▸ **EXERCISE BRIEF**
Copy the lines below exactly, starting at the one with "107388-plasmid-map-sequence-id-262564" and ending at the one with "CACHORROS CANICHES TOY", and leave out any picture.
++++ DATA SHOWN
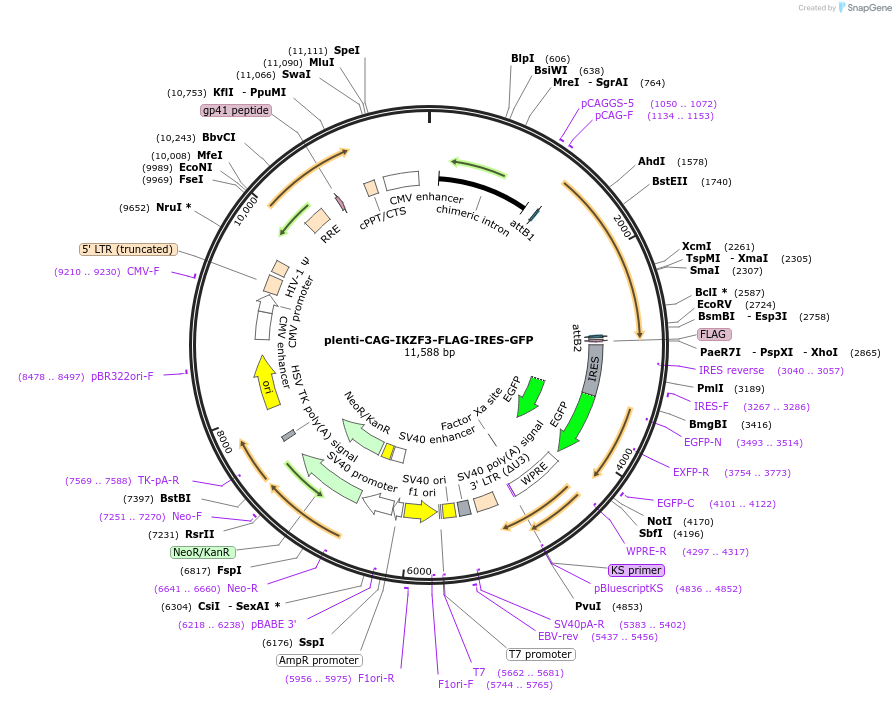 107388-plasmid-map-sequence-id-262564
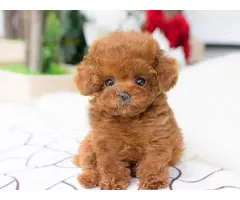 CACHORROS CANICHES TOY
++++++++
++++ DATA SHOWN
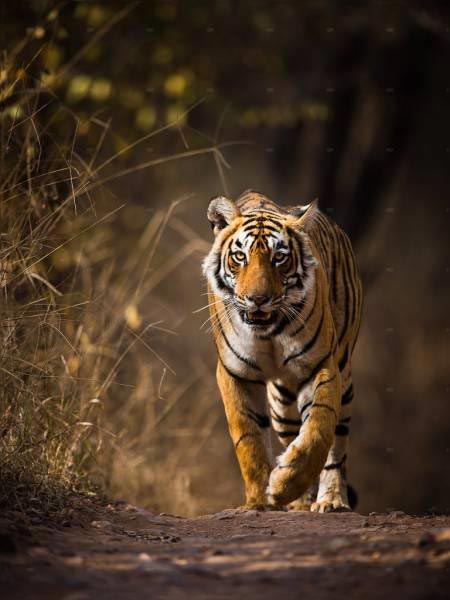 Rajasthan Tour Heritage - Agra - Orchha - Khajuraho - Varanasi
++++++++
▸ **ANSWER**
 107388-plasmid-map-sequence-id-262564
 CACHORROS CANICHES TOY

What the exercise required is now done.